> Work item
Leaving out all pictures, copy the lines below exactly, from the line with "Softdeal Printed Bhagalpuri" to the last line, both ends included.

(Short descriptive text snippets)

--------------------------------------------------

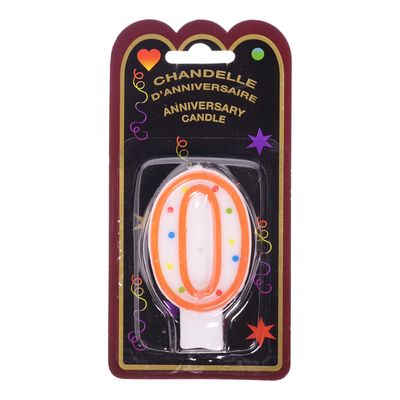 Chandelle d'anniversaire à pois avec numéro 0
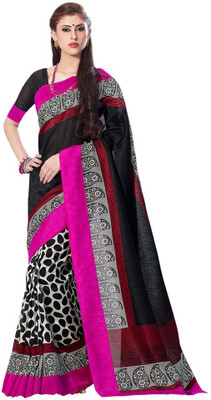 

Softdeal Printed Bhagalpuri Printed Silk Saree(Black)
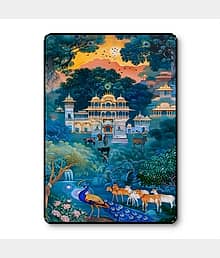 Royal Peacock Palace Landscape Wall Art | Mughal Garden UV Print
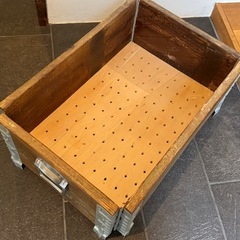 ヴィンテージバーンウッド　スタッキングラック　木箱の画像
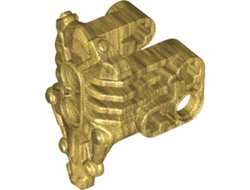 Bionicle Armor Uniter with 2 Pin Holes on Front, Axle and Pin Holes on Sides, Pearl Gold (24191 / 6135190)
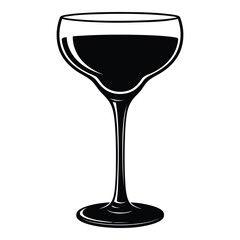 Black silhouette of a wine glass with dark liquid drink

--------------------------------------------------

> Task response
Softdeal Printed Bhagalpuri Printed Silk Saree(Black)
 Royal Peacock Palace Landscape Wall Art | Mughal Garden UV Print
 ヴィンテージバーンウッド　スタッキングラック　木箱の画像
 Bionicle Armor Uniter with 2 Pin Holes on Front, Axle and Pin Holes on Sides, Pearl Gold (24191 / 6135190)
 Black silhouette of a wine glass with dark liquid drink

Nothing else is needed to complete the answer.